El
viernes 27 la Contraloría General de la República difundió los resultados de un
estudio sobre arbitraje en contrataciones públicas según el cual el Estado
perdió, entre el 2003 y el 2013 el 70% de los casos. La muestra comprende un
total de 2,796 laudos pero no distingue, hasta donde tenemos entendido, los
procesos en los que el contratista gana una parte y pierde otra. Tampoco indica
cuántos de esos laudos finalmente han sido pagados por las entidades a sus
proveedores, un dato importante que puede contribuir a sincerar la muestra.
El
estudio no diferencia los casos en los que efectivamente hay una controversia
de aquellos en los que la entidad se niega a pronunciar respecto de alguna
solicitud del contratista, a sabiendas de que lo que pide es procedente,
obligándolo a acudir a la vía arbitral para que el tribunal se limite a
incorporar dentro del laudo lo que ambas partes postulan pero que no se atreven
a sostener públicamente. Ahí no hay arbitraje. Hay temores, probablemente
justificados, respecto de la actitud que adoptan precisamente los órganos de
control en perjuicio de los funcionarios que buscan soluciones rápidas para
superar los problemas que se presentan.
Es
verdad que la Contraloría no culpa de estos resultados al arbitraje sino a los
funcionarios que, según ella, no conducen adecuadamente los procesos de
gestión, lo que también es cierto pero se debe fundamentalmente a los
insuficientes valores referenciales con los que se convocan las licitaciones y
concursos que provocan contratos sin equilibrio entre lo que se pide y lo que
se paga por eso que se pide.
En
el fondo no debería llamar la atención, aun en la hipótesis de que estos
resultados sean reales, que el Estado pierda la mayoría de arbitrajes, porque
este medio de solución de conflictos es la única opción que tienen los
proveedores para reclamarle cuando el Estado incumple sus obligaciones.
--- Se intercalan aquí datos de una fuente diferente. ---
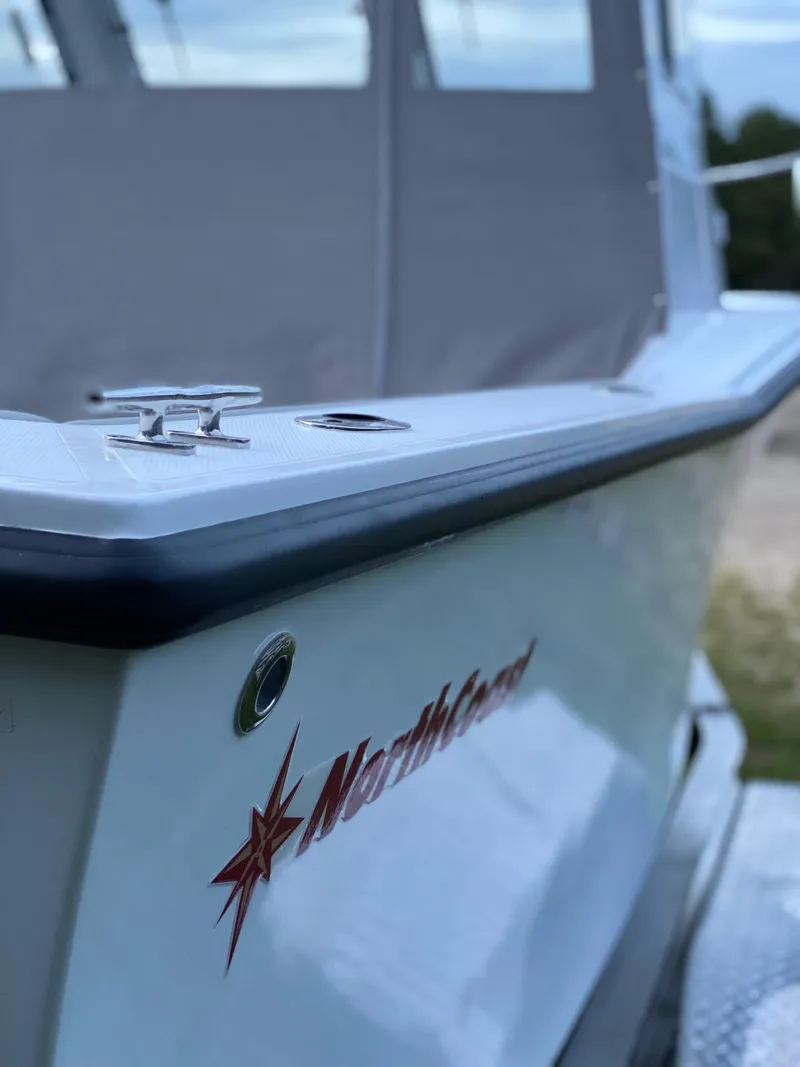 Slide: The Image of 2019 NorthCoast 215 HT boat, side view with logo and cleat. - 7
En
cambio cuando el que incumple es el contratista, el Estado tiene hasta cinco
acciones que puede adoptar sin necesidad de tomarse la molestia de iniciar un
arbitraje: primero le deja de pagar, con lo que lo empieza a ahorcar
económicamente; después le aplica las penalidades pactadas, con lo que le
estrangula la caja; en tercer lugar, le resuelve el contrato para ponerlo en la
calle; en cuarto lugar, no contento con todo ello, le ejecuta las fianzas, con
lo que virtualmente lo manda a la bancarrota; y, por si todo ello no fuera
suficiente, para rematarlo, lo manda al Tribunal de Contrataciones del Estado
para que lo inhabiliten, con lo que lo desaparece del mapa. Es por eso que la mayoría
de los arbitrajes los inicia el proveedor, casi nunca la entidad.
Una
buena medida, aparte de sincerar la muestra y hacerla más compatible con otros
estudios que arrojan otros resultados, sería la de reformular el rol de los
órganos de control para que no sean los temibles fantasmas de la administración
pública sino para que sean aliados naturales en la tarea de consolidar el
desarrollo nacional.
Admítase,
empero, que es bueno reconocer públicamente que los problemas no se pueden
atribuir al arbitraje que como mecanismo de solución rápida, especializada y
eficaz de controversias ha probado ser de lo mejor.